The basic idea is to use trie to solve this problem. Trie here is basically a rooted binary tree where each edge is either labelled by 0 or 1 and the node will have a value equal to the number of elements in the trie having a prefix given by path from the root to that node.

We iterate over the given array ‘ARR’ and for each integer in ‘ARR’ count the number of elements present in the Trie whose bitwise XOR with the current integer is in the range [LOW, HIGH], and then insert this integer in the trie by converting it in 16-bit binary format.

Let F(X) be the number of elements in the trie whose bitwise XOR with a current integer is less than ‘X’, then we need to find F(HIGH+1) - F(LOW).

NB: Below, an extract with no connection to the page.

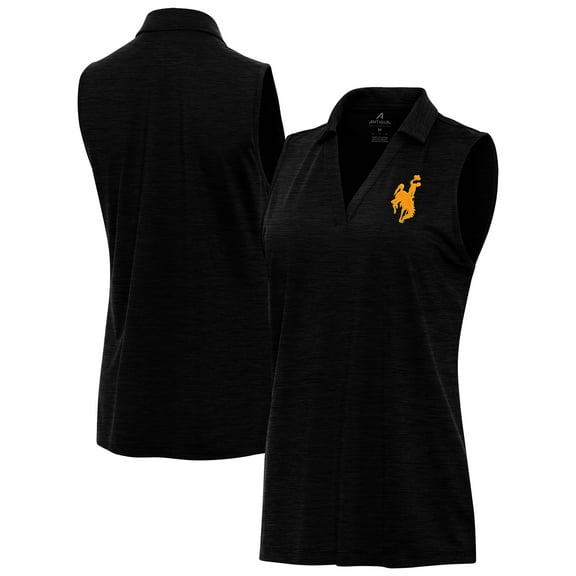Women's Antigua Heather Black Wyoming Cowboys Layout Sleeveless V-Neck Polo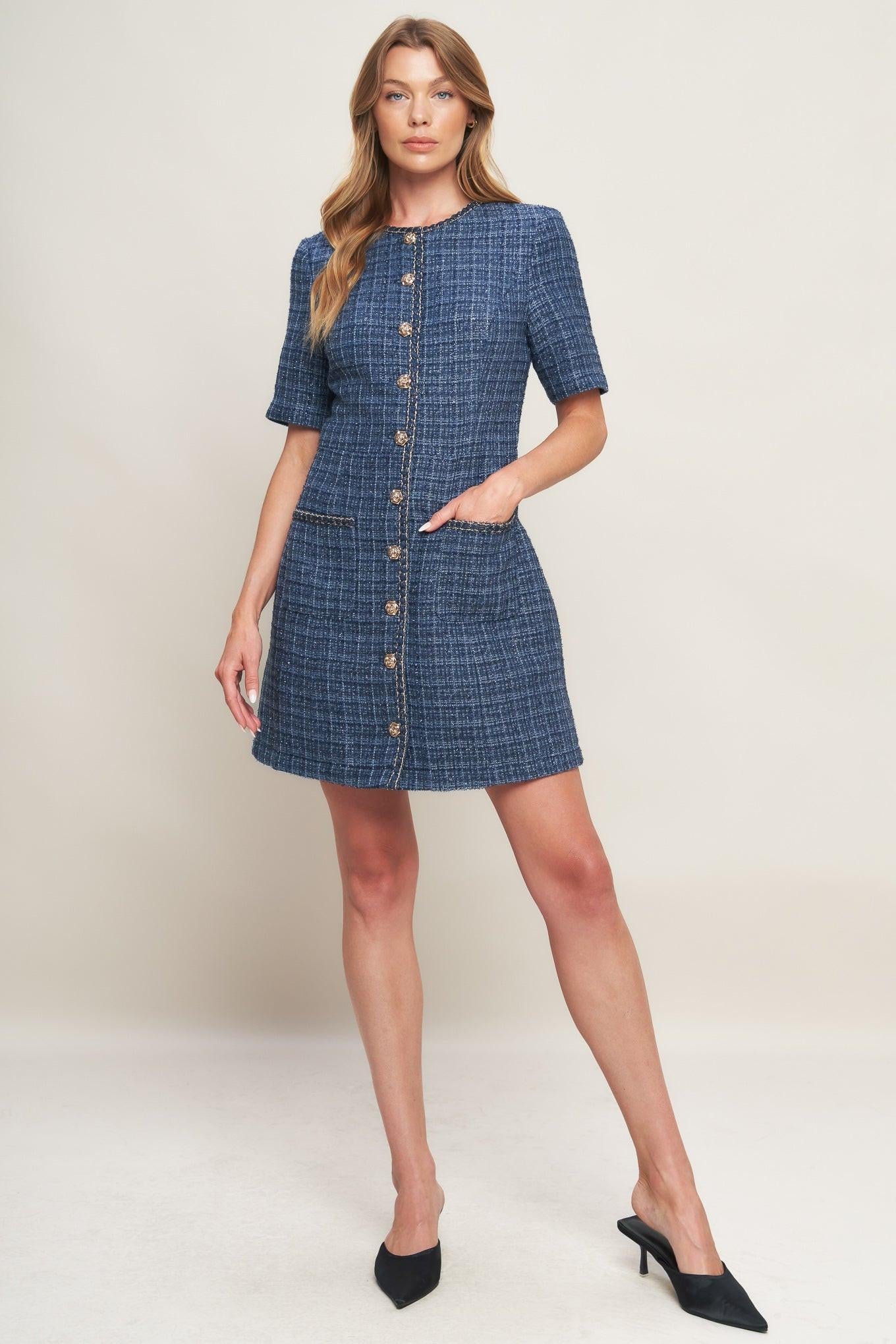 Modern Iconic Tweed Mini Dress in blue, view 1 — Soul Flow Apparel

We can find F(X) as follow -:

Initialize an integer variable ‘COUNT’: = 0.
Keep a pointer ‘p’ at the root of the trie.
Run a loop where ‘i’ ranges from 15 to 0 and do the following -:
1. Let ‘CURBIT’ be the XOR of the ‘i-th’ bit of ‘X’ with ‘i-th’ bit of the current integer. Clearly ‘CURBIT’ is either 0 or 1.
2. If the ‘i-th’ bit of ‘X’ is 1, then add the value of the node followed by an edge labelled with 1 - ’CURBIT’ from the pointer ‘p’ in ‘COUNT’. (If exists)
3. Move pointer ‘p’ to the node followed by an edge labelled with ‘CURBIT’. If it doesn’t exist then break the loop.
Return ‘COUNT’.

Now the complete problem can be solved by using this algorithm of finding F(X) as follows -:

Initialize an integer variable ‘COUNTER’: = 0.
Create an empty trie.
Run a loop where ‘i’ ranges from 0 to ‘N’-1 and do the following -:
1. Do COUNTER: = COUNTER + F(HIGH+1) - F(LOW).
2. Insert ARR[i] in the trie by converting it into 16-bit binary format.
Return ‘COUNTER’.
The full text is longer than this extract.